I have not followed the Scooter Libby/Valerie Plame saga closely enough to render a fully informed and considered judgment on President Bush’s decision to commute Libby’s 30-month prison term for his four felony convictions. Not that I don’t have an opinion, mind you, but I won’t claim that it rises to the level of a fully informed and considered judgment.
Today’s opinion pieces in the three national newspapers that I try to follow aren’t much help. They remind me of Goldilocks’ opinion as to the 3 bears’ chairs – one is too hard, one is too soft, and one is somewhere in between.

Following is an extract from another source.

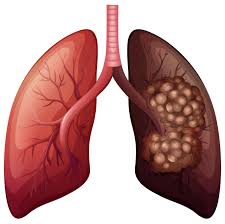 However, each case of lung cancer is unique. What Is Early Stage Lung Cancer Lung Cancer Pintas Mullins Law Firm
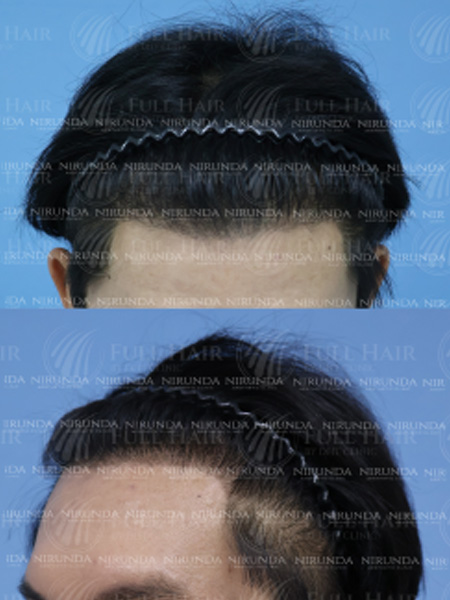 Hair Transplant After Treatment Case 3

According to the Wall Street Journal, Bush should have granted Scooter Libby a full pardon and was “evading responsibility” by not doing so. A pardon certainly would have been consistent with the hard-right conservative viewpoint. However, I wonder whether the likes of Limbaugh and Coulter will be able to grasp fully the fact that the WSJ argues for a pardon not because of Libby’s innocence, but because of the White House’s complicity in the affair.
On the other extreme was the New York Times, asserting that Bush’s decision to commute Libby’s sentence was a “baldly political act” aimed at “mollifying the tiny slice of right-wing Americans left in his political base.” ‘Nuff said there.

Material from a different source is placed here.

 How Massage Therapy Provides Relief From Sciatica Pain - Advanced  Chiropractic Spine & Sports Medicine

Wandering around somewhere in the middle we find the Washington Post. It suggests that Bush was on the right track with his decision, as a pardon “would have been inappropriate and … the prison sentence of 30 months was excessive.” In the end, though, the Post concludes that Bush’s decision to commute the full commutation too lenient. Not too hard, not too soft….
President Bush doesn’t (and shouldn’t) make his decisions by reading newspaper opinion pieces. Indeed, some might argue that he doesn’t make his decisions with the benefit of having read anything at all. However, for the rest of us who are trying to sort out the various issues by absorbing opinion pieces as well as factual data, this is a classic example of how dangerous it is to get all of one’s news from a single source. They can’t all be right.